Being brought up with this mindset and such way of living, means I’m clearly biased about seeing and living selflessness as a virtue.
Selflessness is, I believe, as true a human quality as there can be. It encompasses so much when we act selflessly. We show our humanity. We display vulnerability. We freely love and care for others. We appreciate others. We empathise and feel the pain of others. We uphold values of right and of good. We value life. We accept others.
Sadly, in modern society, selflessness just isn’t high on people’s agenda. Because everyone has an agenda. Everyone’s out to seek something or do something or achieve stuff. We’re so focused on the getting and the receiving we forget the regular importance of the giving and the offering. To be human is to offer of your best to others.
In recent weeks we’ve seen continued frayed arguments about Brexit. What deal can we get that’s the best? How are we going to cope as a country once Brexit happens? Hard questions to answer with a real lack of leadership or clarity on any of that. When people are faced with prospects that life is going to fundamentally change and you don’t know what that means – both literally and figuratively – they get very protectionist.

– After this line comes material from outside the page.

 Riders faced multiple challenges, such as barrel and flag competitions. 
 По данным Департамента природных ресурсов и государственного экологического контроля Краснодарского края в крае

Protectionism is the arch nemesis of selflessness. I don’t know how we’ll cope as a nation. All signs point to a very difficult decade while we try and understand what our new future looks like. I’m not hopeful we’ll be taking care of each other as much. I believe in the human spirit profoundly, and I’m sure there will be many moments of pride and hope. Amongst all things, I hope selflessness continues to prove to be an invaluable human quality.